Houston Public Library, energy policy, Houston Chronicle, blogging

The Morris Frank branch of the Houston Public Library sits near the intersection of West Bellfort and Fondren, an area that's been ground zero for Katrina evacuees and ensuing problems with violence.

It's a tough environment for a kid — or anyone who likes reading, we guess — to grow up in, but the city has good news: You're getting a new library!!

Umm, just don't expect many books in it.


Houston Public Library

The library system was planning a renovation of the Frank branch, which has foundation problems. They discovered, unfortunately, that new studies now place the building squarely within the 100-year flood plain.

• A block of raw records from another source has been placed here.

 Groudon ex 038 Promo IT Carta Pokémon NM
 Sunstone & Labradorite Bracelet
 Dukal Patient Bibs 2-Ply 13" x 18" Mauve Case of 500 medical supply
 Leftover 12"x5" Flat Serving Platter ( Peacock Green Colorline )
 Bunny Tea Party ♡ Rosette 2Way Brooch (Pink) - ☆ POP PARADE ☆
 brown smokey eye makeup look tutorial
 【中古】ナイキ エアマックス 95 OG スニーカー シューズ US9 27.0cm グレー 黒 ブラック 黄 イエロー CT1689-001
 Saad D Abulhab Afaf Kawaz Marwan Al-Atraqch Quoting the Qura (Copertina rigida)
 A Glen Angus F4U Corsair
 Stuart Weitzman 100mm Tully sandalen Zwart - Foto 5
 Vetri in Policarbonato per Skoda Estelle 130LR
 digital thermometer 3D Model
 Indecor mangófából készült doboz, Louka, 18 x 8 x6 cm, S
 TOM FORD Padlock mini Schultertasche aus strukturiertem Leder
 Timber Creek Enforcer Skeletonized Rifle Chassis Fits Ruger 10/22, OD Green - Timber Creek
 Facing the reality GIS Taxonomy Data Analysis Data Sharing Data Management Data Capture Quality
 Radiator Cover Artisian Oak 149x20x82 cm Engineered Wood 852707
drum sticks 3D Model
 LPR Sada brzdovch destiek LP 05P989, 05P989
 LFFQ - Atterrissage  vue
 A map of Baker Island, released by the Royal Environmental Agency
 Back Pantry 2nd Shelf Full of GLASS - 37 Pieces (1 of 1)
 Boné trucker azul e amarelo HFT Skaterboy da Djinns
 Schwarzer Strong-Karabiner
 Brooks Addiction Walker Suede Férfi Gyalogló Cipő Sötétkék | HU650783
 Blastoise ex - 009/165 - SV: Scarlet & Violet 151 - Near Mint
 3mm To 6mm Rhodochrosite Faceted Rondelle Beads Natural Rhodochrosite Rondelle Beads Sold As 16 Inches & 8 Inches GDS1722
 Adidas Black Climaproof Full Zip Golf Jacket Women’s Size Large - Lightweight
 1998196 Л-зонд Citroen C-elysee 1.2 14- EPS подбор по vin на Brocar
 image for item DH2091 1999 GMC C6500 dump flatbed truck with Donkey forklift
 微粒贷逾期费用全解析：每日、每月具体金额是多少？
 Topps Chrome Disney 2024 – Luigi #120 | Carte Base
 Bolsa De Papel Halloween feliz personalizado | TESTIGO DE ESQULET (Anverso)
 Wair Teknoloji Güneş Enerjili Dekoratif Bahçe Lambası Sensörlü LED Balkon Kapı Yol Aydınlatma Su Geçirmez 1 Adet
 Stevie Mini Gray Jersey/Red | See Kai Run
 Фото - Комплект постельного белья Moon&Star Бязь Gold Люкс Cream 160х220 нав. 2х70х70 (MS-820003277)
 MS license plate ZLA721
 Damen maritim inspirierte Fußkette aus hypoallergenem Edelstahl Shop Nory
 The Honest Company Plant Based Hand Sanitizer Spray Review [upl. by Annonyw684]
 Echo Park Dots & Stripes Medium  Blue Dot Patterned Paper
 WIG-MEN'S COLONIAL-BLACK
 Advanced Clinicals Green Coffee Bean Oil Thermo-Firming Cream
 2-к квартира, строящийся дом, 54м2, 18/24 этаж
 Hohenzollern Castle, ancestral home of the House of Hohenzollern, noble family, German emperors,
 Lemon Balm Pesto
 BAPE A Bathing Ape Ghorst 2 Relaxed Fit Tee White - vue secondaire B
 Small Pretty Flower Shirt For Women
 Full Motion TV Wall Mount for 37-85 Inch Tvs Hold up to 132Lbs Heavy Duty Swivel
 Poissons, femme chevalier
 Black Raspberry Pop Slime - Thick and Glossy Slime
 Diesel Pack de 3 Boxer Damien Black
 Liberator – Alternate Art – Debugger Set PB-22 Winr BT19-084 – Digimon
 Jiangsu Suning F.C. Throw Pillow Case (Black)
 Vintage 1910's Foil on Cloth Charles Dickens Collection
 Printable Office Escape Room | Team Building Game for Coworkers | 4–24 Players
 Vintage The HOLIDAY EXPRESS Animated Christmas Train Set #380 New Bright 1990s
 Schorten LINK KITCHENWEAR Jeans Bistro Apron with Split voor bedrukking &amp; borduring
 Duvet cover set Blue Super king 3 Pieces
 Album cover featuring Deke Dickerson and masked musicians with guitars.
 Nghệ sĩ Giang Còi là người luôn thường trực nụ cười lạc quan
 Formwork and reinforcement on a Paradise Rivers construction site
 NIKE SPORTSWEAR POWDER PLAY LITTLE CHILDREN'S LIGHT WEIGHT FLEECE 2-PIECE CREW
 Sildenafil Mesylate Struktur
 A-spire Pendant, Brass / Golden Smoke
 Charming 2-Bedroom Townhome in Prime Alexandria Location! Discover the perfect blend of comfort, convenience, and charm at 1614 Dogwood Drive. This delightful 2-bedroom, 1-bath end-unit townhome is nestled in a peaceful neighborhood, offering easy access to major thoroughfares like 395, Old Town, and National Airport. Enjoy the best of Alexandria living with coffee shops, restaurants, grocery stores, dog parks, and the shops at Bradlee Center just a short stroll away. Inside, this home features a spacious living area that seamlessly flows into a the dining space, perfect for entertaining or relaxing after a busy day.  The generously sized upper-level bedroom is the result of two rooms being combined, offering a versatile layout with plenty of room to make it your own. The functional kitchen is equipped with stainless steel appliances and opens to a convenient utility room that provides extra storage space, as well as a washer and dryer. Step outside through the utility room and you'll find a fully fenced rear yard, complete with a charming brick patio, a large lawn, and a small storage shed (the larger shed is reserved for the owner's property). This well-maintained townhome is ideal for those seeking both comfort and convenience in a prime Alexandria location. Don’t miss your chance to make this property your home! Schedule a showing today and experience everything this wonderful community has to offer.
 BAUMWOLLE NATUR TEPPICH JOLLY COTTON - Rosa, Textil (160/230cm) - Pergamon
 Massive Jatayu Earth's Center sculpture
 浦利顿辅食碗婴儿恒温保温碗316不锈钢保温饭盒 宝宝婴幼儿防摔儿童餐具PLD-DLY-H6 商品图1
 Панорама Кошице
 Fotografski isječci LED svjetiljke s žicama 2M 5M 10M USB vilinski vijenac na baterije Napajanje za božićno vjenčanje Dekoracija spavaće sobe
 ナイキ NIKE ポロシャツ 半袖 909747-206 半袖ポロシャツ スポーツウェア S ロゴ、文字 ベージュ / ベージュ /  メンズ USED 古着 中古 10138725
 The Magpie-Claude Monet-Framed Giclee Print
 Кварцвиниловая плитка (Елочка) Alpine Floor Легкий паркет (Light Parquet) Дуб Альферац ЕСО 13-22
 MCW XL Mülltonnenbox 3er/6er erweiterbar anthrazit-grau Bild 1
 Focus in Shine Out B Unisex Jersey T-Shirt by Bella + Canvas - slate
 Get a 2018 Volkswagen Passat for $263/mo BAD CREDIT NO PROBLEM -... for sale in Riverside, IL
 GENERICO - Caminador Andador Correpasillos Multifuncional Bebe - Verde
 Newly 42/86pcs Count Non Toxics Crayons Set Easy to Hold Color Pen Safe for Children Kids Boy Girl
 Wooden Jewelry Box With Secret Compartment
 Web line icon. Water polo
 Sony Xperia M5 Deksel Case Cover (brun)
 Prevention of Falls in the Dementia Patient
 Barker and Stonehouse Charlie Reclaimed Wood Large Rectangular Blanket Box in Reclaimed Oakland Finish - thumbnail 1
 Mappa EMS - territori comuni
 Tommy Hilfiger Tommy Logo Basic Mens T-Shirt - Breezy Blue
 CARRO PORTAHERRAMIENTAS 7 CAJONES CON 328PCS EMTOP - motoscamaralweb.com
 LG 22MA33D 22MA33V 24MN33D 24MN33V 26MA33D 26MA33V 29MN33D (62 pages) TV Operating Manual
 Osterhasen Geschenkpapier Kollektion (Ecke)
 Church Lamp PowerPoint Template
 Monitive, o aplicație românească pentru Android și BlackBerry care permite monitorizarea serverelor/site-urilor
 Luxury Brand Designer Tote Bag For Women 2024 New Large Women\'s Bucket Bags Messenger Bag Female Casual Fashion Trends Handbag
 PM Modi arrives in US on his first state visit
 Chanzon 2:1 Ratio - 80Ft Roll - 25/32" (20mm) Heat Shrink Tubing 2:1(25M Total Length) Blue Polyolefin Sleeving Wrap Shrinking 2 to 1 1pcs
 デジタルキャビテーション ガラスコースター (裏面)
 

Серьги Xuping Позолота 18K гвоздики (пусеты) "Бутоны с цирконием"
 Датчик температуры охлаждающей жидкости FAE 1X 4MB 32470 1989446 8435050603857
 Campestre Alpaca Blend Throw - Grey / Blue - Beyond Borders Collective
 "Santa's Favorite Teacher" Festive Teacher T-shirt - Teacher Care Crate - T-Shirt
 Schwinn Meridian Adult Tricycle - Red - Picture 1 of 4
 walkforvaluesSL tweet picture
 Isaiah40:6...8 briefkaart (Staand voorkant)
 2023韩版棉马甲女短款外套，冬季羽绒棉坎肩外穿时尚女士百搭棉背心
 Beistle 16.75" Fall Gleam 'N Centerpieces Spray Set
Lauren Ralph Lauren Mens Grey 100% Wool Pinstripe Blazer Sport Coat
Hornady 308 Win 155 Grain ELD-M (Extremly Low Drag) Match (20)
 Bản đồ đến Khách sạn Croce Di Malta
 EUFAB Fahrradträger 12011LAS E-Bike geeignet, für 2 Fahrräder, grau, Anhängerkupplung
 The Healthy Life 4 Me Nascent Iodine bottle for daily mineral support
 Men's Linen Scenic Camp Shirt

"We'd either have to lift the building up 18 inches or build a two-foot berm all the way around it, and there wasn't enough money to do that," says Tim Douglass, chief of staff for city council member Anne Clutterbuck.

There wasn't enough money to build a completely new similarly sized branch, so the neighborhood is getting what the Houston Public Library System is calling "an exciting concept" known as "HPL Express."

What's an HPL Express? It's a rented storefront that holds about half the 90,000 items that the Frank branch currently has.

"It'll have all the popular books, it just won't have a plethora of books," Douglass says.

But there'll be plenty of computers, says the HPL's Greg Simpson, and anyone who wants a book that isn't on the shelves can order it and pick it up a couple of days later.

On the one hand, this idea sounds like an innovative way to stretch scarce dollars. On the other hand, it sounds awfully like Metro, which promised light rail to low-income neighborhoods but is now instead offering special buses that kinda, sorta look like trains.

"Could somebody who doesn't know what they're talking about, who doesn't understand the concept, who doesn't see the betterness they're getting, could they complain?" says Douglass. "Maybe, but the alternative is nothing. The alternative is closing the Frank branch completely."

"I think it's just going to be a matter of us educating our customers how to use the facility," Simpson says. "But we're excited about it and think it's going to work great."

Future HPL Expresses — including one in the similarly troubled Gulfton neighborhood — might offer only a "very small collection" of books. Future sites might be entirely book-free. But those sites will be in addition to existing libraries, not replacing full facilities like the Frank branch.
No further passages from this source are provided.